> [Required work]:
Leave the images out, and copy each of the records below exactly.

> [Data supplied]:
[Start of Attachment]
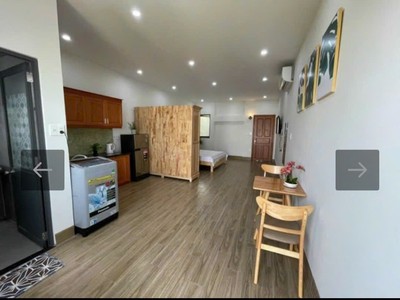 Bán Tòa căn hộ 5 tầng khu phố Tây An Thượng- 7 phòng cho thuê dòng tiền 70 triệu/tháng. 0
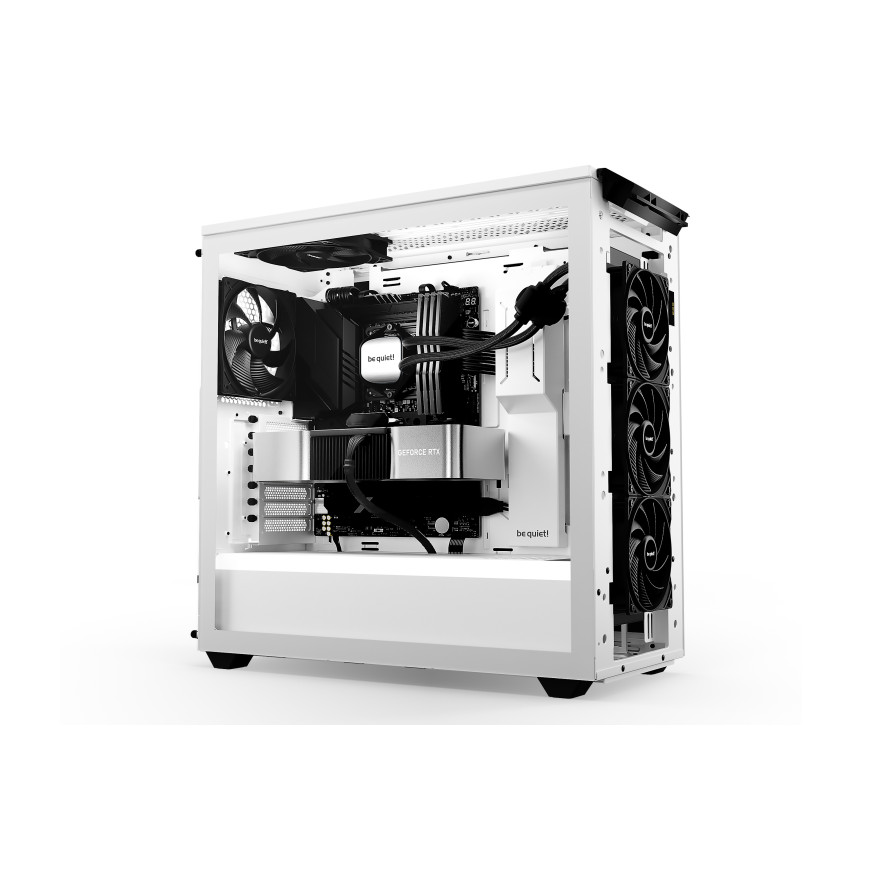 be quiet! Pure Loop 2 360 mm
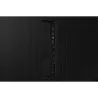 ECRAN SAMSUNG 98'' LFD 16:9 24h/7j UHD 3840 x 2160 500cd/m² Tizen 7.0 1xDP 1.2 3xHDMI 2.0 2xUSB 2.0 Paysage/Portrait QM98C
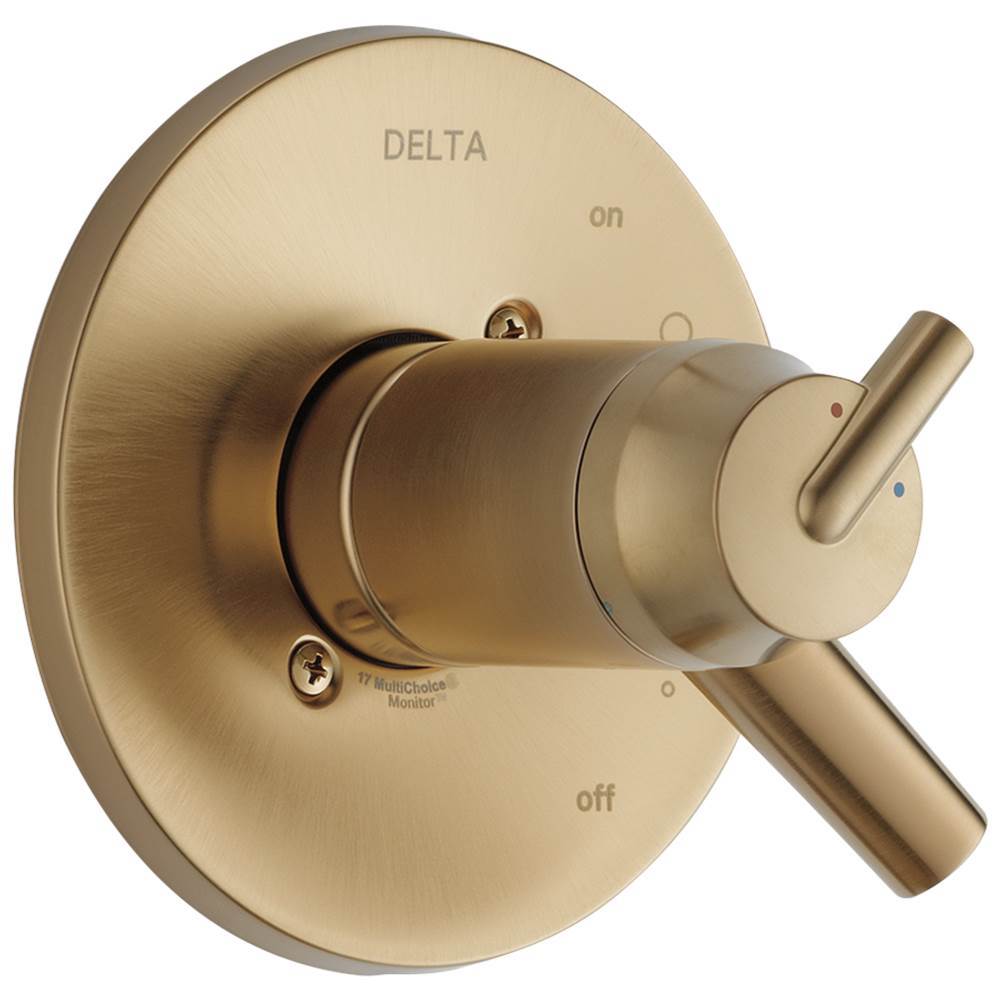 Trinsic TempAssure 17T Series Valve Only Trim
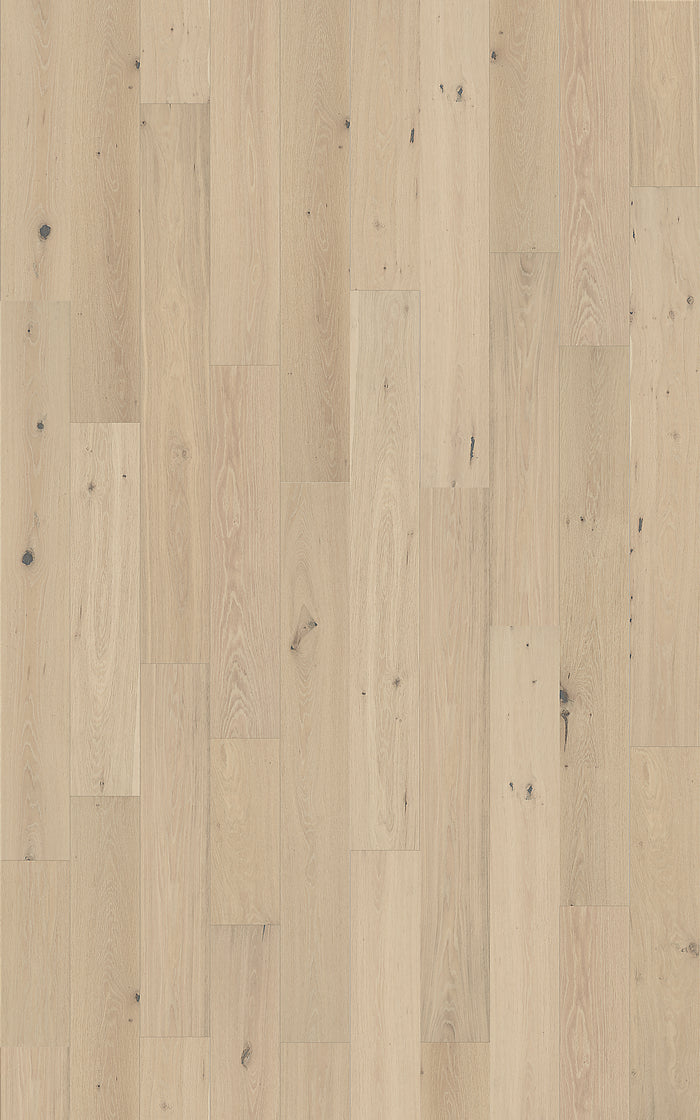 Vancouver Heights Engineered Hardwood Flooring 5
[End of Attachment]
> [Exercise output]:
 Bán Tòa căn hộ 5 tầng khu phố Tây An Thượng- 7 phòng cho thuê dòng tiền 70 triệu/tháng. 0
 be quiet! Pure Loop 2 360 mm
 ECRAN SAMSUNG 98'' LFD 16:9 24h/7j UHD 3840 x 2160 500cd/m² Tizen 7.0 1xDP 1.2 3xHDMI 2.0 2xUSB 2.0 Paysage/Portrait QM98C
 Trinsic TempAssure 17T Series Valve Only Trim
 Vancouver Heights Engineered Hardwood Flooring 5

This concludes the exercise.